It was easier to me to figure out what the probability first of actually getting two consecutive numbers;
First the odds on any given roll of getting an even number is 3/6 or 1/2. The same is true of odd numbers. Because there is a 1/2 for even roll of getting an even, and a 1/2 change of getting and odd, we can think of this largely as a coin game. Now I must figure out how many possible combinations of even and odd there are in 4 rolls.
There are 5 cases; o=odd, e=even
1) All odd; oooo, the number of possible combinations = 4!/4! = 1
2)1 even the rest odd; eooo, the number of combinations with this is = 4!/(1!)(3!)= 4
3) 2 odd 2 even; ooee, number of combinations = 4!/(2!*2!) = 3*2*1 = 6
4)3 even 1 odd; eeeo, number of combinations = 4!/(1!3!)4= 4
5) All even; eeee, number of combinations = 4!/4! = 1
So, total there are 1+4+6+4+1=16 combinations. This could also be determine this by using the counting principle, which says that if you trying count the number of possible combinations, simply multiple the number of possiblities for each decision together.
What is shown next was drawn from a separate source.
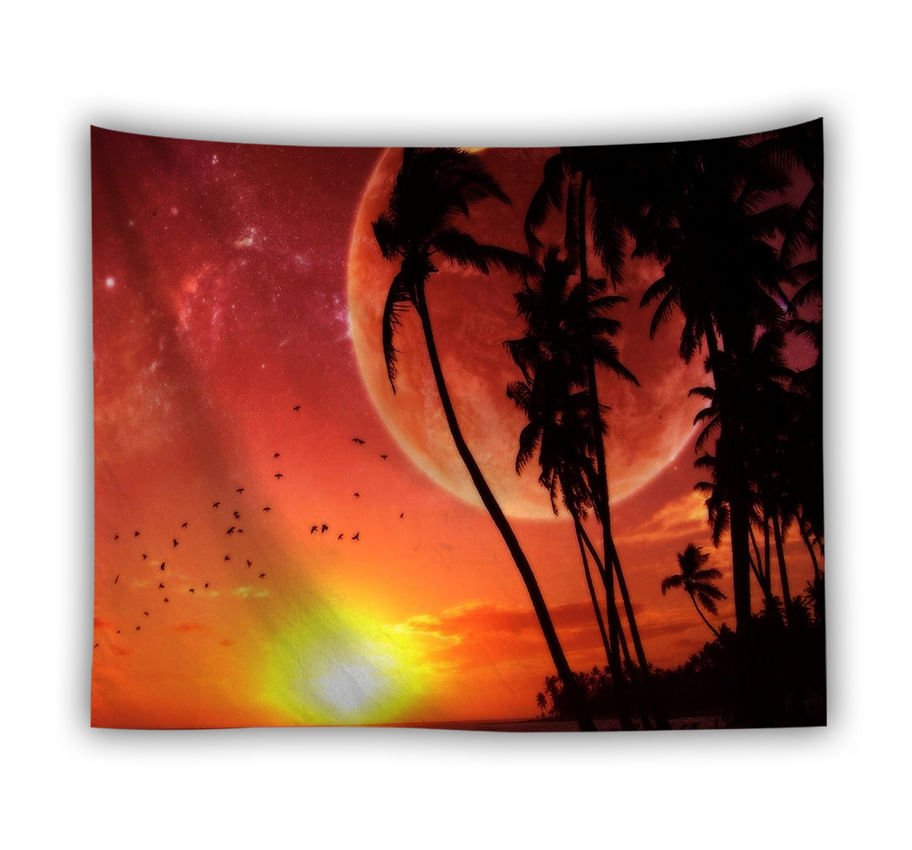 Tapeçaria Beach Coqueiro, Parede, 150x150cm, Microtecido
With this problem each roll will result in an even or odd number, so roll has 2 possibilities. So if there are 4 rolls;
2*2*2*2=16 (for four rolls)
Beacuse there are only 4 rolls and 2 possible results for each roll, it's easy to determine combinations where you would have 2 consecutive evens.
1) eeoo
2) oeeo
3) ooee
4) eeeo
5) oeee
6) eeee
These are the 6 ways in which you can roll consecutive even numbers. So there are 10 ways in which you can roll the dice and not get 2 consecutive even numbers.
10/16=.625, but this is not an answer choice.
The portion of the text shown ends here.